In geopolitics, the overall message from the G7 meeting in Italy, which ended Saturday, was a continued tough-on-Russia stance. Leaders agreed to a USD 50bn loan for Ukraine set to arrive towards the end of the year, while threatening further sanctions on Chinese entities that are supporting the war effort.
In China, the PBOC kept its one-year MLF loan rate unchanged at 2.50%, as widely expected. May industrial output came in slightly lower than expected at +6.0% y/y (cons.: 5.6%), while retail sales surprised to the upside at 3.7% y/y (cons.: 3.0%). The market reaction was mostly muted, though Chinese blue-ship stocks edged slightly higher.
What happened on Friday
Swedish inflation came in higher than expected as the CPI increased 0.2% m/m (cons.: -0.1%) in May. The main contributors were volatile food and flight prices, while service inflation had a setback. Overall, we see the factors contributing to this month's increase as temporary and maintain our Riksbank call with the next cut in September, followed by a 25bp cut every quarter bringing the policy rate to 2.25% at the end of 2025.

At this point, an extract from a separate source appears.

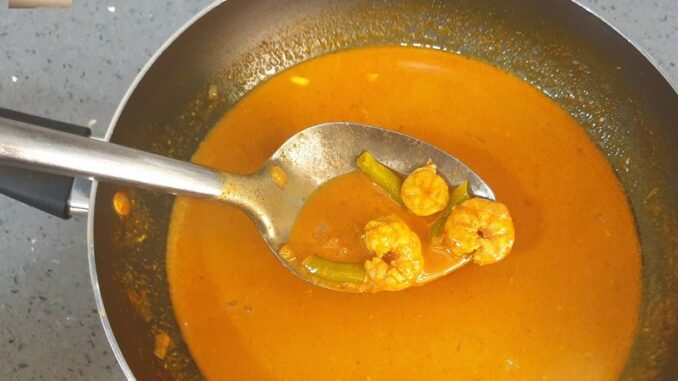 Making of Prawn Curry in a Hurry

US consumers were much gloomier than expected as the flash University of Michigan consumer sentiment survey printed at 65.6 (cons.: 72.0). The market reaction was muted, however.
Market movements
Equities: Global equities ended lower on Friday, capping off a week dominated by political chaos in France and a US disinflationary environment that bolstered faith in Federal Reserve cuts, despite a slightly hawkish Summary of Economic Projections (SEP). Given the US's dominating size, equities still finished higher last week, driven by cyclical outperformance. In essence, US tech was the only game in town, while Europe and financial sectors significantly underperformed. Last week alone, tech outshone financials by a remarkable 8%. In the US on Friday, the Dow was down by 0.2%, S&P 500 decreased by 0.04%, Nasdaq increased by 0.1%, and Russell 2000 fell by 1.6%. Asian markets are trending lower this morning together with US futures. European futures are on the rise.

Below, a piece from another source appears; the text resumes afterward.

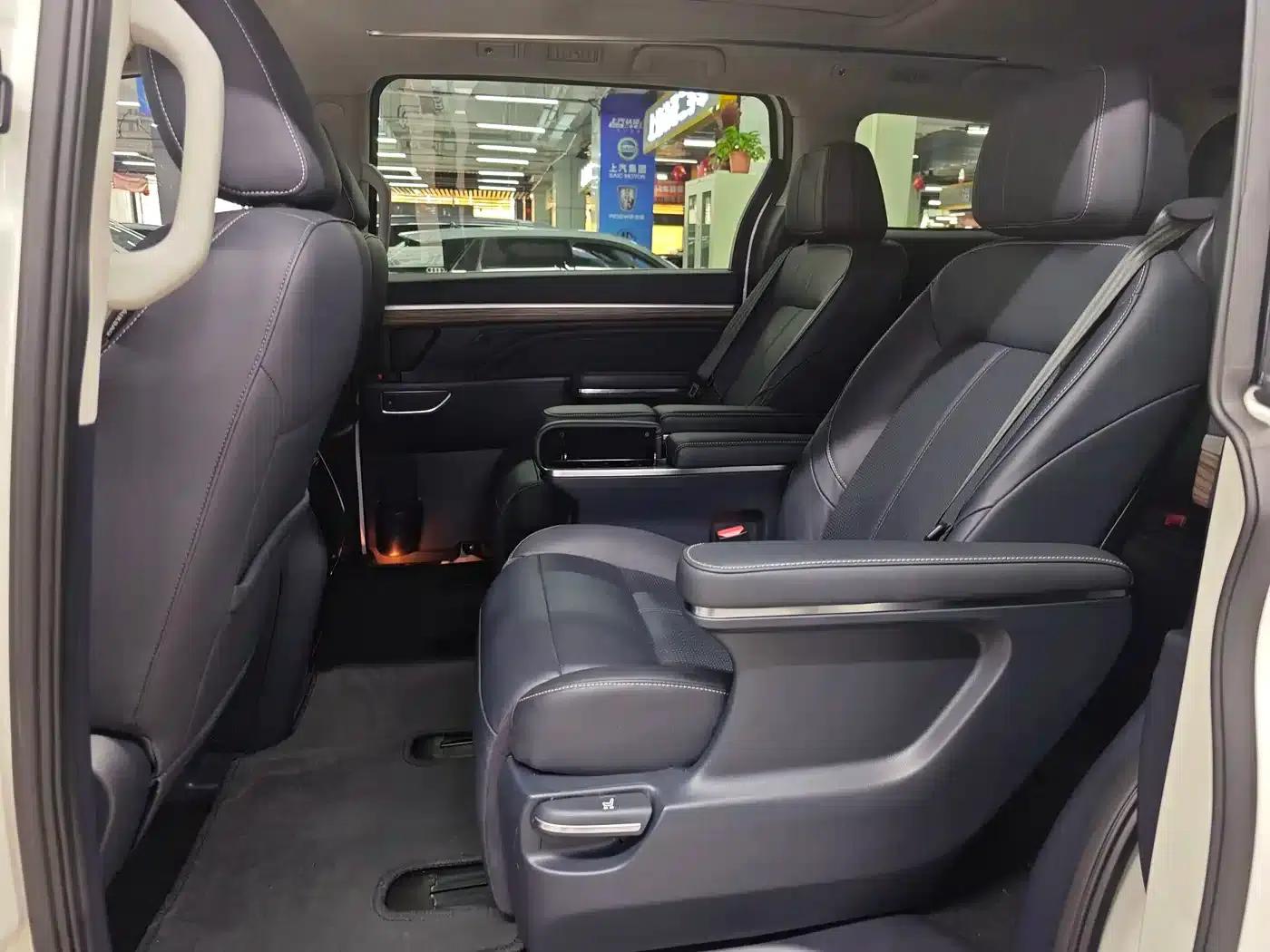 Trumpchi M8 2021 Leading Series 390T Supreme Edition — миниатюра 6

FI: It has been a very volatile week after the EU parliamentary elections and President Macron calling for a snap election for the French parliament after his party suffered a significant election loss and the nationalist party lead by Marine Le Pen won the EU parliamentary election. The 10Y spread between France and Germany widened almost 30bp during last week to reaching 80bp. This is similar to the level we saw ahead of the presidential election in 2016-2017, when Marine Le Pen argued for a"“Frexi"”. However, Le Pen stated during the weekend that she does not want to create a chaotic situation and the risk of Frexit seems very limited.

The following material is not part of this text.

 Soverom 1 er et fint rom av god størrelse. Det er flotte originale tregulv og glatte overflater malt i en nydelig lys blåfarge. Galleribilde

FX: EUR crosses remained heavy under pressure during Friday's session driven by uncertainty in European politics, most notably against the CHF and the USD. The news that the left-wing parties have formed an alliance to challenge Macron is likely the reason for the growing anxiety in the market about political uncertainty. USD/JPY edged slightly higher following the BoJ's decision to reduce bond purchases, which was interpreted as dovish. Later this week we look forward to the Norges Bank, Swiss National Bank and Bank of England meeting on Thursday.